No offence intended, unless you have undergone a proper scuba diving instruction class, it’s likely you have poor trim as proper trim requires dedicated practice and application of the basic principles and techniques involved in having a proper trim. Having a proper trim will allow you dive for longer hours, leave you feeling refreshed after a dive and improve your buoyancy control.
Proper trim is the perfect horizontal body position which makes the diver look like he is laying on his stomach on an invisible platform. To attain this position, the diver’s legs are bent at the knee, so his fins are higher than every other part of his leg. The fins are parallel to the floor. The diver’s arms extend to the front of his body, and his arms are at the same level with his stomach or just below it. No other part of the diver’s body appears below this horizontal line.
Divers should aspire to attain perfect trim as it reduces the effort required to move through water, lowers the diver’s air consumption rate and allows him to dive for longer. Also, a diver is perfect trim has his fins slightly elevated, and this prevents the stirring up of sand, silt, corals, delicate aquatic life and other bottom sediments.
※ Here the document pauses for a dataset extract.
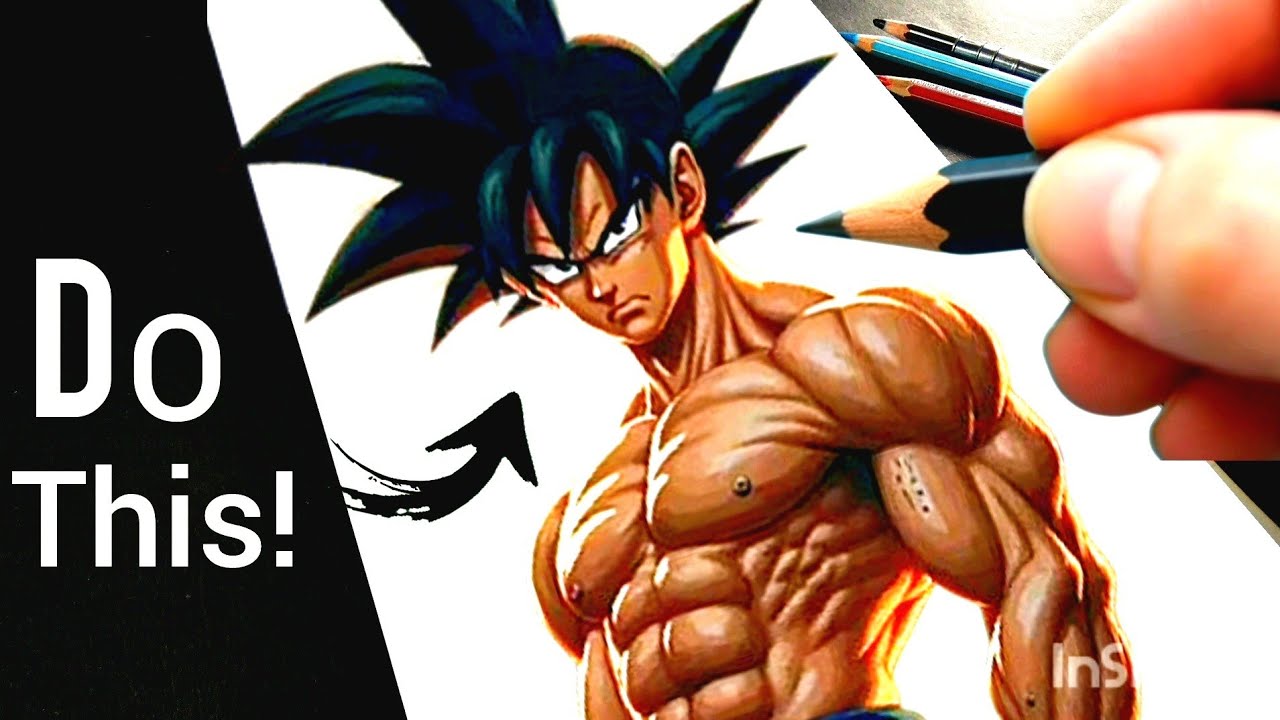 HOW TO DRAW REALISTIC GOKU EASY 🤯. CHEAP COLORED PENCILS USE🤔?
Beyond these, the most important reason why divers should care about their trim is that it allows them better control all other aspects of their diving.
A diver with poor control over his diving must divide his attention between maintaining stability and other important tasks such as depth and time monitoring, buddy awareness, and gas management. Any distraction from these tasks can be dangerous, and this means the diver won’t enjoy the experience of diving entirely. He will also fail to master complicated tasks like photography, navigation, buoyancy and position whenever he shifts attention to another activity.
Good trim improves a divers control as it allows him to maintain a stable position in the water. A diver without proper trim swims at an angle to the floor, either upwards or downwards, causing him to lose neutral buoyancy.
A diver who dives out of trim will have poor control, causing him to lose buoyancy whenever he is not in motion. Also, he must continuously fight to maintain a uniform depth. He also never learns to control his buoyancy with his lungs and BCD, because he swims up or down whenever he is neutrally buoyant.
To learn proper trim, the first thing you have to do is an experiment with your weight, body position, and equipment configuration. Practice with a buddy who can direct you into a horizontal position. You could even get someone to film you so you can track your trim as it evolves.